La nécessité de l’histoire, par Paul-Raymond du Lac
L’ecclésiaste, ce qui veut dire le chef, et a priori ici Salomon, nous enseigne l’importance de l’histoire, d’une façon poétique et délicate :
« Ce qui a été, c’est ce qui sera, et ce qui s’est fait, c’est ce qui se fera ; et il n’y a rien de nouveau sous le soleil. S’il est une chose dont on dise : « Vois, c’est nouveau ! », cette chose a déjà existé dans les siècles qui nous ont précédés. On ne se souvient pas de ce qui est ancien, et ce qui arrivera dans la suite ne laissera pas de souvenir chez ceux qui vivront plus tard. » (Ec, 1, 9-11)
«J’ai reconnu que tout ce que Dieu fait durera toujours, qu’il n’y a rien à y ajouter ni rien à en retrancher : Dieu agit ainsi afin qu’on le craigne. Ce qui se fait existait déjà, et ce qui se fera a déjà été : Dieu ramène ce qui est passé. » (Ec, 3, 14-15)
Voltaire a voulu se moquer de cette sagesse biblique, pourtant elle est universelle, et les grandes civilisations, au fond, le savaient bien car elles l’appliquaient, à travers la tenue des annales et de la mémoire des faits passés, non pas simplement pour glorifier un passé mythique, mais pour connaître ce qui fonctionne et ce qui ne fonctionne pas.
Même les « mythes » des peuples racontent une histoire, souvent de façon voilée (comme l’indique l’étymologie du mot) certes, mais à dessein de faire comprendre, par la description, les motifs des passions humaines et des incidents politiques, qui se répètent sans cesse.
Croire que nous sommes une époque de progrès, ou encore que notre époque est originale, est non seulement faux mais manifeste une ignorance crasse qui vient, comme dit Salomon, que l’« On ne se souvient pas de ce qui est ancien ».
La véritable originalité en histoire, et dans toutes les sciences dites humaines, c’est d’être banal, vieux et rabat-joie, pour le dire abruptement.
Dieu fait tout dans l’éternité, même s’il agit dans le temps, et « Dieu agit ainsi afin qu’on le craigne ».
Oui, « Dieu ramène ce qui est passé », pour nous montrer notre impuissance et notre petitesse. Tout cela devrait définitivement nous décourager contre tout optimisme historique comme tout pessimisme historique. Ni lendemains qui chantent, ni lendemains qui seront forcément pires. Il ne s’agit pas de déplorer outre mesure que tout va mal, même si tout va mal. Déjà Salomon, malgré sa sagesse et sa justice, constate : « J’ai encore vu sous le soleil, qu’au siège même du droit il y a la méchanceté, et au lieu de la justice, il y a l’iniquité. » (Ec, 3, 16)
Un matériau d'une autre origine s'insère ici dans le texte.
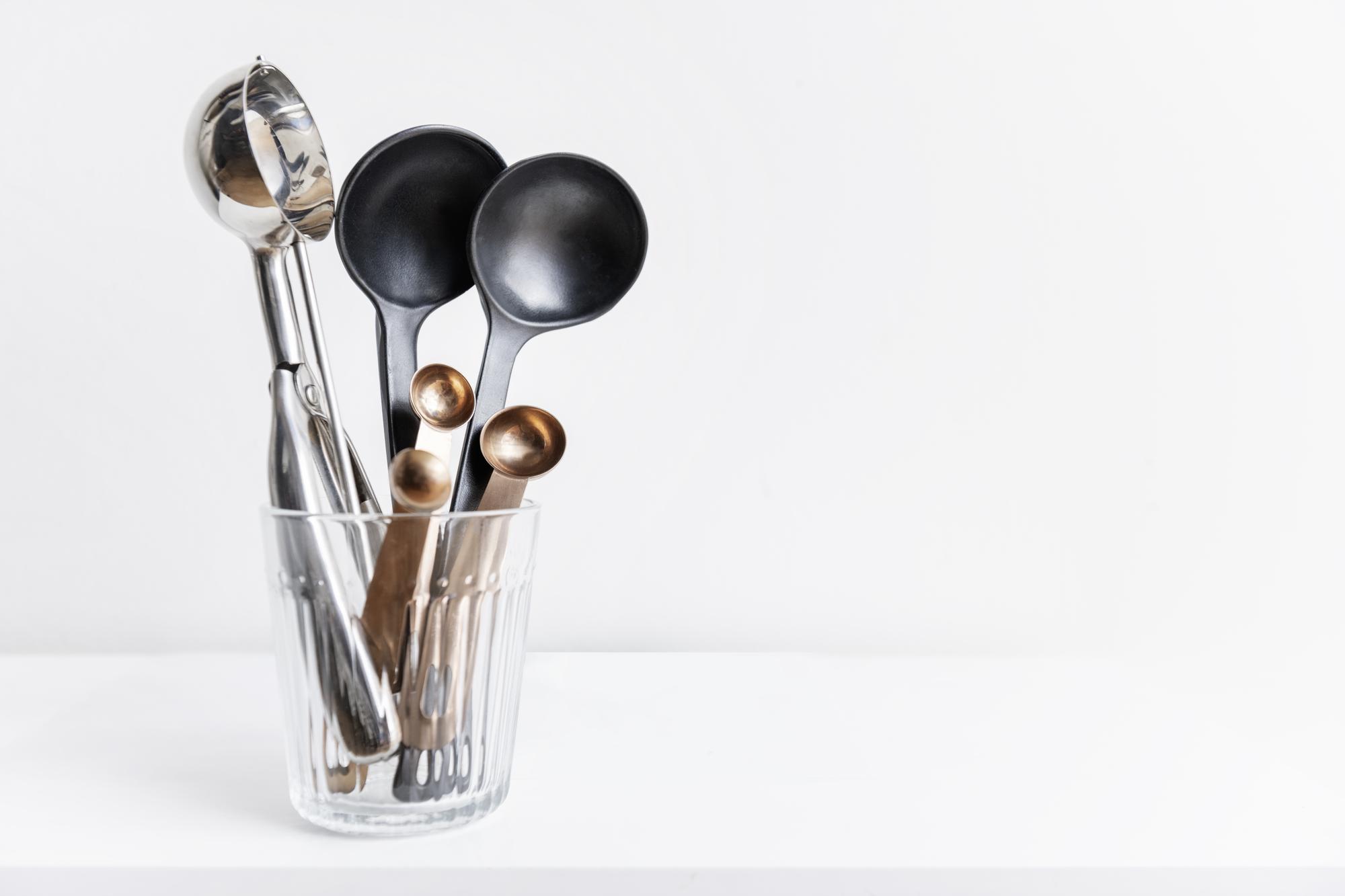 studio kitchen workspace with utensils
Les méchants au pouvoir, les injustes juges ne sont pas une chose nouvelle, et Salomon a dit dans son cœur ce que Jésus manifestera au grand jour plus tard par la Croix : « Cela arrive ainsi, afin que Dieu les éprouve, et qu’ils voient qu’ils sont quant à eux-mêmes semblables aux bêtes. » (Ec, 3, 18)
Dieu sait tout, et contrôle tout, en nous laissant à notre libre arbitre. Si nous subissons de graves injustices c’est pour nous éprouver, pour nous éduquer, pour nous punir là où nous le méritons. Le monde contemporain en cela devient chaque jour un peu plus une punition divine grandeur nature pour faire tomber l’homme moderne orgueilleux se prenant pour Dieu de son piédestal et lui rappeler que « le sort des enfants des hommes est le sort de la bête : ils ont un même sort ; comme l’un meurt, l’autre meurt aussi, il n’y a qu’un même souffle pour tous ; l’avantage de l’homme sur la bête est nul, car tout est vanité. Tout va dans un même lieu ; tout est sorti de la poussière, et tout retourne à la poussière. » (Ec, 3, 19-20)
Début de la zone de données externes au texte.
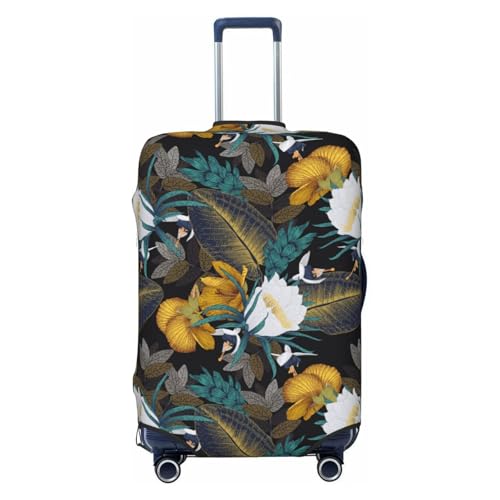 Vintage Floral with Tropical Flowers Luggage Cover Elastic Suitcase Covers for Protector Suitcase Sleeve for Luggage 18-32 In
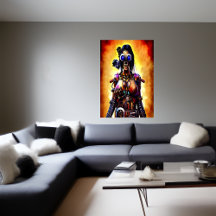 Porträtt steampunk skelett | AI Art Poster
Hors de Dieu, pécheurs et déchus, nous sommes comme des bêtes, mais des bêtes avec une volonté et une intelligence qui peuvent ainsi s’enfoncer bien plus bas qu’une bête, en justifiant sa médiocrité, en faisant de sa misère sa fierté, en croyant que son libre-arbitre qui ne lui appartient pas en fait un Dieu : là est résumé tout le libéralisme, et toute la démocratie qui nous rend comme des bêtes.